I try to care about social world concepts, but truthfully, I always choose myself above them. I may spend weeks experiencing the tug of war pull between social decisions and innovative ideas, and yet, I still choose what I want to do.
This often places me in the crosshairs of social danger. Imagine my confusion learning that hearting someone’s Instagram story apparently means something. These are contracts and systems created to establish a certain social order. If you do certain things, beware because people may interpret it according to the social contract.
Not only does the world spin on collective rules and people policing others — it also turns on the obsessive fixation people have with themselves in relation to everyone else. I’ll say it this way: other people’s opinions only really matter to those who struggle silencing that loud voice in their head. Critique matters most to people who aggressively critique the lives of themselves and/or others.
It’s a view of self that merges with others and says, “This opinion really matters. The thought I just had is really loud, therefore it really matters in the context of the world.” It’s either internalized, externalized or both. Freedom comes from realizing it might matter in a specific context, but it does not have to matter in relation to you as a human being. It isn’t defining, binding, or reflective.
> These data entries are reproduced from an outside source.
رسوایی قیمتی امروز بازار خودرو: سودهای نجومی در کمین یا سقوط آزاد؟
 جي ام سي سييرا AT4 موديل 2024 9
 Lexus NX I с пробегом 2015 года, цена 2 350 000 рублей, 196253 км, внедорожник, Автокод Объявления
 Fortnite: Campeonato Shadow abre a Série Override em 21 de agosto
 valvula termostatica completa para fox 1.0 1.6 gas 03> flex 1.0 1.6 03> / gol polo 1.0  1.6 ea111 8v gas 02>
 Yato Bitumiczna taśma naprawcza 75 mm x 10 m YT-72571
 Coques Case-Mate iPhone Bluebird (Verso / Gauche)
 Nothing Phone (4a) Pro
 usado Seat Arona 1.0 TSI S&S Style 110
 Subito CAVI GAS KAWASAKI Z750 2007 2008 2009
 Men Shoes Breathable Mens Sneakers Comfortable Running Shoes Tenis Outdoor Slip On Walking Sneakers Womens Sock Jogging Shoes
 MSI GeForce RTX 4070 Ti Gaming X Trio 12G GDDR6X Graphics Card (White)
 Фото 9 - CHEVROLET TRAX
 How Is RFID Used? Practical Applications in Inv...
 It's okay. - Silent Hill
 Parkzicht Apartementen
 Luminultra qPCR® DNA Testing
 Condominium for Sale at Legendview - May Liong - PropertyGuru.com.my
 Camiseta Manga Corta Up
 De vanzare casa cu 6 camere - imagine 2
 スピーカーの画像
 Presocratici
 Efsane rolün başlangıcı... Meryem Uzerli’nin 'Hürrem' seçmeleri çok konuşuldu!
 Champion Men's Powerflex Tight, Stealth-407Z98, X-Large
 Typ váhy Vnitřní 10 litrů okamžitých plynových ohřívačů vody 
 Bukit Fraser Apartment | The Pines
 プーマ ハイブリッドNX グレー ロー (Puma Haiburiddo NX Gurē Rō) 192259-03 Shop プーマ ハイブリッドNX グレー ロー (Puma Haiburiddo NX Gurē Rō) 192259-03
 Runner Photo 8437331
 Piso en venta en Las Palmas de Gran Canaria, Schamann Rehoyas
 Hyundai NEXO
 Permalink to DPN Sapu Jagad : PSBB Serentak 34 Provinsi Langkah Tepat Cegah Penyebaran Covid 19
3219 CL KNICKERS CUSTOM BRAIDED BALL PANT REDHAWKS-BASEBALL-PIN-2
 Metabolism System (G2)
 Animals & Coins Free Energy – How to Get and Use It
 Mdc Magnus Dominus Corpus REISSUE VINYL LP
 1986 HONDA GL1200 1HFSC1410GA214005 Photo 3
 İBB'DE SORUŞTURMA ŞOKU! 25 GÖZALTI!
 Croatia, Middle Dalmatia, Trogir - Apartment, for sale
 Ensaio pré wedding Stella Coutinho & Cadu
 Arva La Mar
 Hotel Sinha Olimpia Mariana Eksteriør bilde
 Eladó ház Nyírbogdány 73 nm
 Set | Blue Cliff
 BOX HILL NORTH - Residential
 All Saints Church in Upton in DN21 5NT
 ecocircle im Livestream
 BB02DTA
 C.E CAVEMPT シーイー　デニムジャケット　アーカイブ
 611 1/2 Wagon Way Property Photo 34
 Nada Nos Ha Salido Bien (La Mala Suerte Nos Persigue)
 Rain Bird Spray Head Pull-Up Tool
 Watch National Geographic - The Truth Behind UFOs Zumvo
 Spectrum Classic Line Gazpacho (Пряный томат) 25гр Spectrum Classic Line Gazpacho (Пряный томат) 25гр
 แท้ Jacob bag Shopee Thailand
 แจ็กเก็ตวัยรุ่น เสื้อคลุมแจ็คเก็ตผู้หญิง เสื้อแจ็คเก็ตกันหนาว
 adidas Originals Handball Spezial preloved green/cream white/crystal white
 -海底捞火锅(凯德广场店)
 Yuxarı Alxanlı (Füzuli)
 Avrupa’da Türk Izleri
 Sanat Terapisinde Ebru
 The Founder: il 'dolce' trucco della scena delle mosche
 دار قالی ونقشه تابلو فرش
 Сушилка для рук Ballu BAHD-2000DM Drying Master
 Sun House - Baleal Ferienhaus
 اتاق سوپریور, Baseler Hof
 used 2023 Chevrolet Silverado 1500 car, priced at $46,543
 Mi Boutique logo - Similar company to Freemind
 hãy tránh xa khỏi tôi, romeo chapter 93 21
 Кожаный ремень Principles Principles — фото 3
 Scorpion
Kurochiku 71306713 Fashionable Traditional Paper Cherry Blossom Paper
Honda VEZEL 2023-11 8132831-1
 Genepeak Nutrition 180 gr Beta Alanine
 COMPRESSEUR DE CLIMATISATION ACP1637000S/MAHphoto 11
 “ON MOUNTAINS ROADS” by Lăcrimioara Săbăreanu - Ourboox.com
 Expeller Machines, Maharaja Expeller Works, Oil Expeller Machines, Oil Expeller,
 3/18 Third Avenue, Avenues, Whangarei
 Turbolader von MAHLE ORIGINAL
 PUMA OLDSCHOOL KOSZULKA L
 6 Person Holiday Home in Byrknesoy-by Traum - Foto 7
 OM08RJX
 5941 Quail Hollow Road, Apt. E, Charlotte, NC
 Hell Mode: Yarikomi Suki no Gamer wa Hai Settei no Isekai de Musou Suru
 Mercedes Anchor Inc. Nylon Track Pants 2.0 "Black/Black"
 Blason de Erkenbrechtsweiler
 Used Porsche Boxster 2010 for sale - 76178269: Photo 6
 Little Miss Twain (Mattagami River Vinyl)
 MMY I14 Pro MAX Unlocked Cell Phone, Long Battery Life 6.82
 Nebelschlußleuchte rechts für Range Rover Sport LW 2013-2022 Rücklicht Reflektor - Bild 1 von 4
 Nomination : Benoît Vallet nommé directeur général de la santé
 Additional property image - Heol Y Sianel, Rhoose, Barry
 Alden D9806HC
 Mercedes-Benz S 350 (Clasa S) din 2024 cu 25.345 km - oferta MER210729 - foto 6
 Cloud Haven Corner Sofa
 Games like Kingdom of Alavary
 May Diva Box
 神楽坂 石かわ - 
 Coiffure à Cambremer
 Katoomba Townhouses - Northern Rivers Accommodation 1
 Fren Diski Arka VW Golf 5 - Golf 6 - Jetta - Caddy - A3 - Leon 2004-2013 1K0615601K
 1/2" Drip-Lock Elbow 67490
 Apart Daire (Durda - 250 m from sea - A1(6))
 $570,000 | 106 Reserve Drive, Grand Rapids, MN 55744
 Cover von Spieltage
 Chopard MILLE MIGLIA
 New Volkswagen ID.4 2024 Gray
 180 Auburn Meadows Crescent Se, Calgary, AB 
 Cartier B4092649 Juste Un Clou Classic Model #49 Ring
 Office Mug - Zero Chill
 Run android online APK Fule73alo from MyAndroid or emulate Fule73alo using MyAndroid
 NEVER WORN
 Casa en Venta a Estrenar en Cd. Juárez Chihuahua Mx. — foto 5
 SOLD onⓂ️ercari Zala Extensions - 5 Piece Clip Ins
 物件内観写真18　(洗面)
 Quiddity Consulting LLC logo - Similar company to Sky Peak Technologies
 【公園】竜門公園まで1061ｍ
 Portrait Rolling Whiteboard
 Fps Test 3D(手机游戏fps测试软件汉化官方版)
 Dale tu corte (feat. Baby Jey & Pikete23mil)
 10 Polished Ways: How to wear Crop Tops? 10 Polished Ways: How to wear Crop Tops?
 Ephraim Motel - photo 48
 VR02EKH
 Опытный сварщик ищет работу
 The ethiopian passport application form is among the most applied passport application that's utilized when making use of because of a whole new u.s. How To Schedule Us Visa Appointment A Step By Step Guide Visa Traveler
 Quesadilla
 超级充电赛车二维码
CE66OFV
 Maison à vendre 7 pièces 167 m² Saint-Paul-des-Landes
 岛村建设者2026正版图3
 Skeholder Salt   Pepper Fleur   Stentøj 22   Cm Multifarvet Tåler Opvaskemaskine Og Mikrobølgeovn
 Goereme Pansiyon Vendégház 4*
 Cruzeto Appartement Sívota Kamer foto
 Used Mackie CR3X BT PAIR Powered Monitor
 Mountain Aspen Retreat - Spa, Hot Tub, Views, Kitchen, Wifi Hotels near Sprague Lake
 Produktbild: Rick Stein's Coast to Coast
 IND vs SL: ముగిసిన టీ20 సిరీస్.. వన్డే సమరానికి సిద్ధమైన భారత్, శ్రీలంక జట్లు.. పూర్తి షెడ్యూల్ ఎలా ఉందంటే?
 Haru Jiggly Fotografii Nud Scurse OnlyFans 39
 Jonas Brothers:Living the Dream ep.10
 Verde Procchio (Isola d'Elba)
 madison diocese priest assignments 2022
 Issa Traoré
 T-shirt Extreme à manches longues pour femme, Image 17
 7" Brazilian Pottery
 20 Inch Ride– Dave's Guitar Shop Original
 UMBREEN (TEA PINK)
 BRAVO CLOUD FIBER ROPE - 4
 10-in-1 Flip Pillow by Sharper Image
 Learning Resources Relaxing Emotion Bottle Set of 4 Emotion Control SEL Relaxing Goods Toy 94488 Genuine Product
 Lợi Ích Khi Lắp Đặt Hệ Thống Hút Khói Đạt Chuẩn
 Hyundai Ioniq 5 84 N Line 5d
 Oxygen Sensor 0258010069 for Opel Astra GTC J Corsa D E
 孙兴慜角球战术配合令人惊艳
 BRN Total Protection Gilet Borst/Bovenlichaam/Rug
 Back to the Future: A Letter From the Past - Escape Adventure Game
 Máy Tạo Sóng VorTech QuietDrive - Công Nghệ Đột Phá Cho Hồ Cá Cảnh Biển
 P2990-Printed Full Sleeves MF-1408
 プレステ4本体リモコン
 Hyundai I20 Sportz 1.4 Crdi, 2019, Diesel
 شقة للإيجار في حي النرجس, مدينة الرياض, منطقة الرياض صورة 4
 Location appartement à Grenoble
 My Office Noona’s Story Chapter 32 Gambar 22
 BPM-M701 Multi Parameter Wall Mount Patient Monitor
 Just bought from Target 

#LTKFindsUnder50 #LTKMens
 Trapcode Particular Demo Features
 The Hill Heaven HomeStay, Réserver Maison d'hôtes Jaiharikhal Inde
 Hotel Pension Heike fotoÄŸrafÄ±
An opinion matters only in relation to the mind it came from. There is no contract, no tether, no enmeshment — until one is created. (This is why cord cuttings are so important.)
Likewise, shame can only arise when parts of yourself are deemed unacceptable. No one can shame you or hold anything over your head that you accept and own. Once owned, it loses all weight. Like opinions and social order, shame only functions when activated. To be in a contract, you must sign. You must buy in.
With this mindset, I spent much of my early twenties as a free spirit, not buying into much, just experimenting, and choosing. I’m glad I did, because several times, I chose wrong.
I moved to the place I shouldn’t have. I dated the person I should’ve avoided. I took the drugs much too young. I scaled up the business much too fast. I said the thing you probably shouldn’t.
I didn’t understand it then, but looking back, I’m grateful for the choices. Choosing wrong helps gain knowledge of what is right to you and for you — but only if you allow it.
By nature, choosing wrong, often means going against what’s normal, popular, or “good,” especially in the eyes of others. That’s when the shame, regret, and internalized policing begs to creep forward. It’s in that moment that the decision is made: am I going to take this as a moral, emotional, intellectually, human failing or will I simply learn?
Oftentimes, internalized policing helps people feel moral, correct, or like a good citizen. The vicious cycle of ‘live right, feel good. live wrong, feel wrong’ continues. It grows harder to separate morality, good character, and personal identity from collective thought. As Wicked once taught me, always be aware of people who claim to be good.
Don’t get me wrong. Principles, beliefs, morality, and good character matter deeply to me. Living a virtuous life still matters. I studied philosophy of religion and society; of course rigor and ethical frameworks matter to me. But what happens when I choose wrong? When I go against my own principles?
Instead of regret, something else arrives: clarity. Every experience grabs me by the cheeks, lifts my head and helps me reorient a new future — this time with knowledge in my back pocket.
Every time I choose wrong, information arrives. Whether direction or a clearer sense of self, I don’t need to suffer to understand. I only need to pay attention.
It may sound foreign, but you can choose wrong, morally ‘fail,’ socially fail, and still forgo self-shame and punishment. There is a world where self-growth occurs without self-imposed carceral punishment.
There is no courtroom in my head. No sentence to serve. No debt to repay for being human (even if others would prefer there to be one). Just loads of clarity.
Maybe that’s what opting out really looks like. It’s not chaos or carelessness, but a life where experience is allowed do what it’s supposed to do: instruct without condemning. A life where I choose myself, not because I am perfect, but because I am paying attention to what is for me, and that’s enough to live the upstanding life I seek.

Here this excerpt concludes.